CloudBerry Dabs Wasabi on its Cloud Backup Portfolio - EnterpriseStorageForum.com

CloudBerry Dabs Wasabi on its Cloud Backup Portfolio

Cloud storage provider Wasabi and data protection specialist CloudBerry Lab have partnered to deliver high-performance cloud backup services to small and midsized businesses (SMBs) at a fraction of what it costs to use Amazon Web Services (AWS) storage.

Going forward, customers of CloudBerry's backup products can pick Wasabi as a storage target. Founded by David Friend and Jeff Flowers, formerly of Carbonite, Wasabi costs $0.0039 per gigabyte (GB) per month with a 1TB minimum. While completely compatible with AWS -- a strategy that helps customers avoid vendor lock-in -- the Wasabi platform is six times faster than Amazon's S3 cloud storage service at a fifth of the cost, the company claims.

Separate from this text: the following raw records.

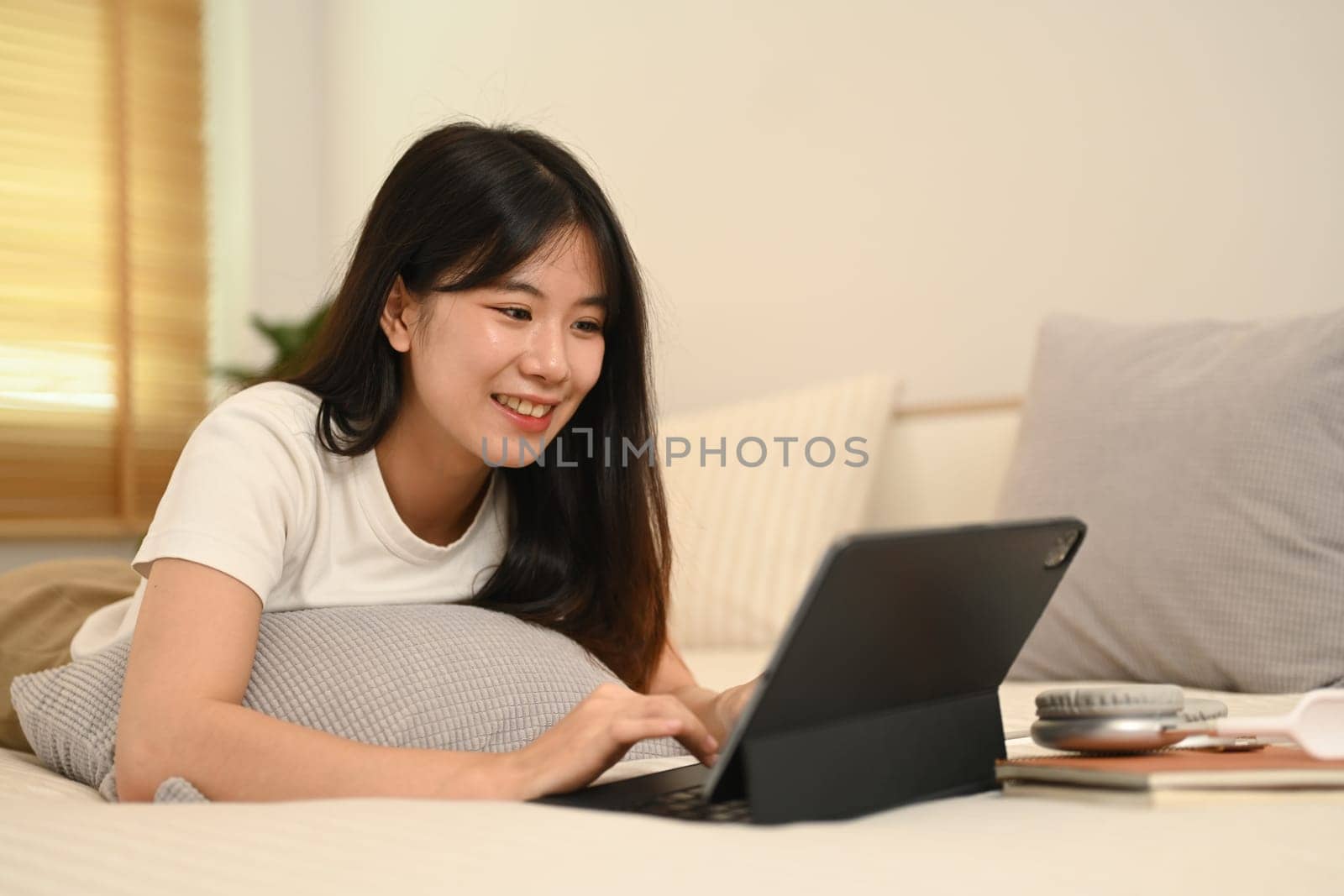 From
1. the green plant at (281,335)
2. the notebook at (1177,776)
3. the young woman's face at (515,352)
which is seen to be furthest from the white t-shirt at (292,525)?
the green plant at (281,335)

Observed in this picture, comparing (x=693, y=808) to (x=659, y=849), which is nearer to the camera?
(x=659, y=849)

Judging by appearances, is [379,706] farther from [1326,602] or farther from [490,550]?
[1326,602]

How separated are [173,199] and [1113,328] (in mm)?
2877

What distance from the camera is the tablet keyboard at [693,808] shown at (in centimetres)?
77

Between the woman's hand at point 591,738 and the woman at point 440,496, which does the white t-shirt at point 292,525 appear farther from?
the woman's hand at point 591,738

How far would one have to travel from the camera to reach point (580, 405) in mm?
1460

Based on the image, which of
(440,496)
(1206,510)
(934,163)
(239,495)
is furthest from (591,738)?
(934,163)

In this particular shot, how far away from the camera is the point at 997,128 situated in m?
2.39

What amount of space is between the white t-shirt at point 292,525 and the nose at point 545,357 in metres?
0.19

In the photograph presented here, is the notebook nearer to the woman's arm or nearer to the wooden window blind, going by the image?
the woman's arm

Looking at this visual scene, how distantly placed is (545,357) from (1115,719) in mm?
646

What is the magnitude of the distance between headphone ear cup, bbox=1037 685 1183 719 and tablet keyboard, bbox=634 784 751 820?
0.21 m

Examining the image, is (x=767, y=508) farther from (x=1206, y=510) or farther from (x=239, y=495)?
(x=239, y=495)

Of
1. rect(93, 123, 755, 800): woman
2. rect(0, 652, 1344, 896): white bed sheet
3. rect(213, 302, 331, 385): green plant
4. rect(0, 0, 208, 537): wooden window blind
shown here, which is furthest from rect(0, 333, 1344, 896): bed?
rect(0, 0, 208, 537): wooden window blind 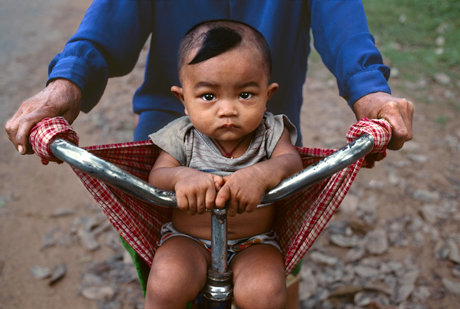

"Our hot storage is faster than S3 and less expensive than Glacier," Amazon's long-term cloud data archiving solution, said Wasabi cofounder and CEO David Friend in a statement. For comparison's sake, Amazon Glacier storage costs can dip to as little as $0.004 per GB per month, depending on the region selected, with data retrieval prices ranging from $0.0025 per GB to three cents per GB depending on how quickly users want their data back.


"We've also done away with complex pricing schemes and confusing storage tiers," Friend added. "At Wasabi, we believe in keeping storage simple."

On Wasabi, CloudBerry backups can also be stored in immutable buckets. As the term suggests, data written to these buckets cannot be changed or erased, protecting customers from accidental deletions, bugs in software and malware.

The new Wasabi-CloudBerry integration follows last month's release of CloudBerry Backup 5.6.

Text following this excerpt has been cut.